-- Task directions --
Give again, word for word, the lines below that run from the line with "FORD 1661872 Капот в наличии Днепр" through the line with "Arctic ProCruises". Drop the pictures.

-- Information given --
=====

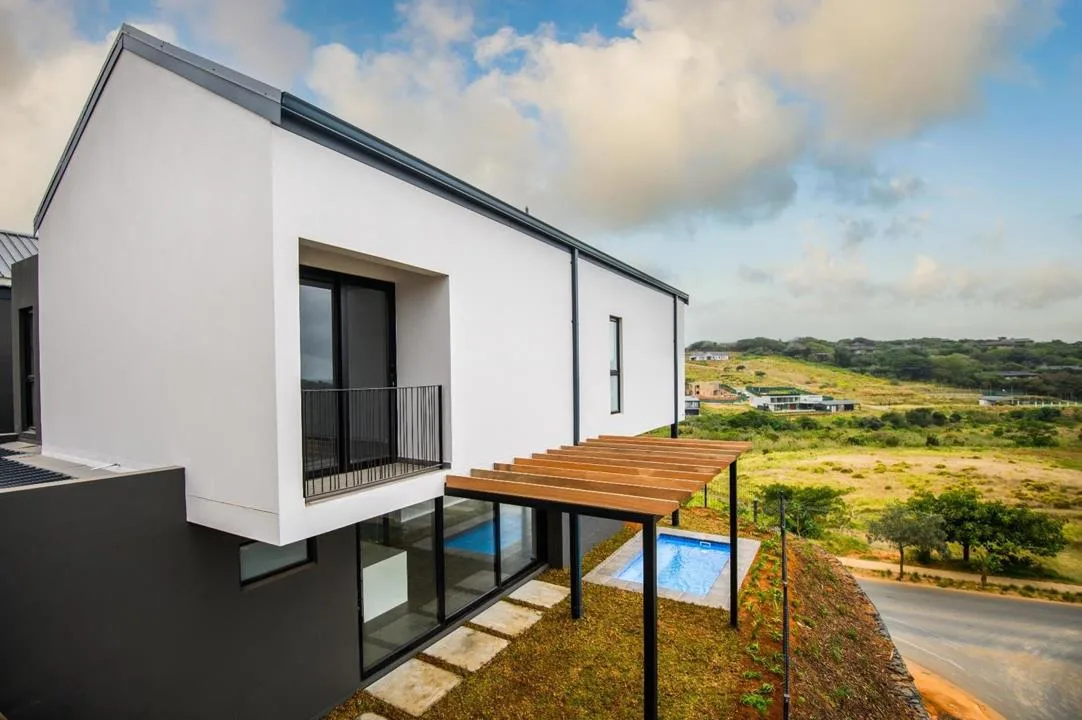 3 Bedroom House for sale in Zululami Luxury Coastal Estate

=====

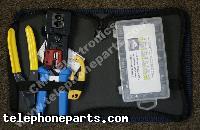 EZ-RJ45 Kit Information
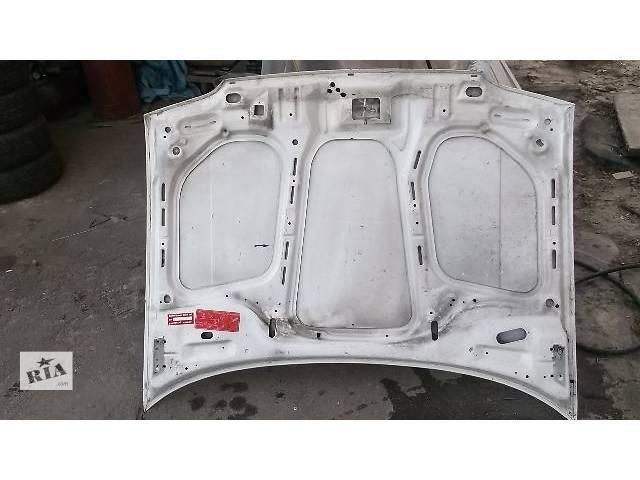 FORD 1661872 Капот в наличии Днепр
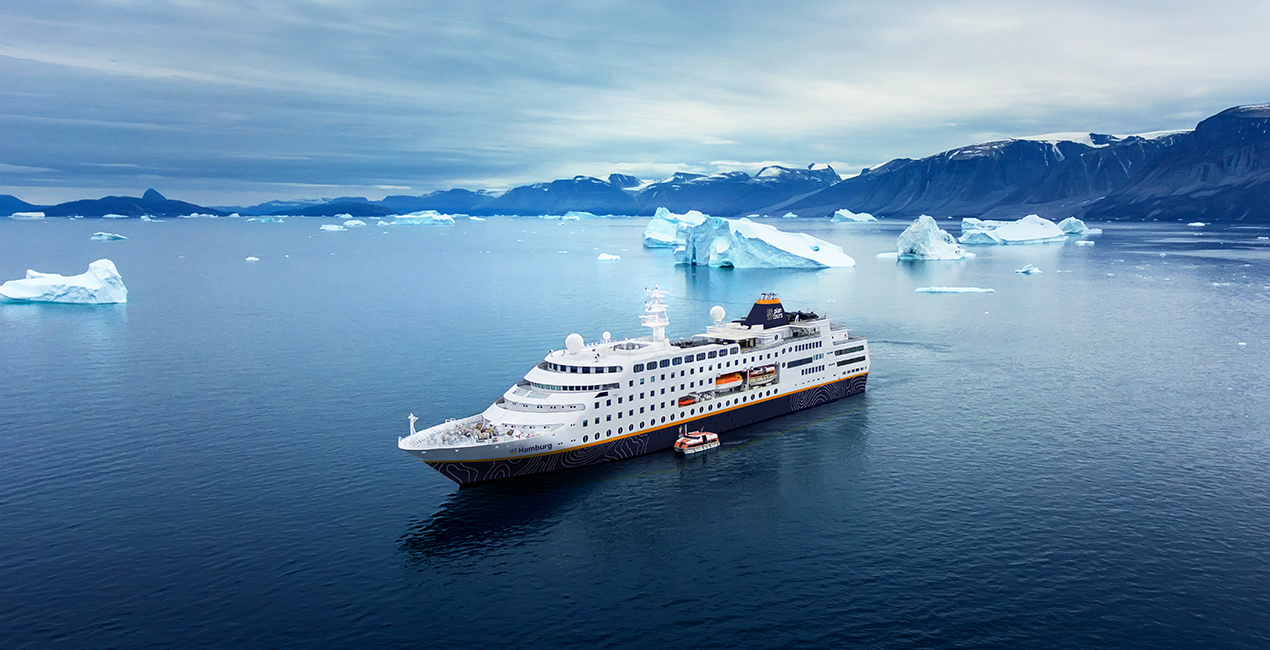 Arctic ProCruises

=====

-- Result of the task --
 FORD 1661872 Капот в наличии Днепр
 Arctic ProCruises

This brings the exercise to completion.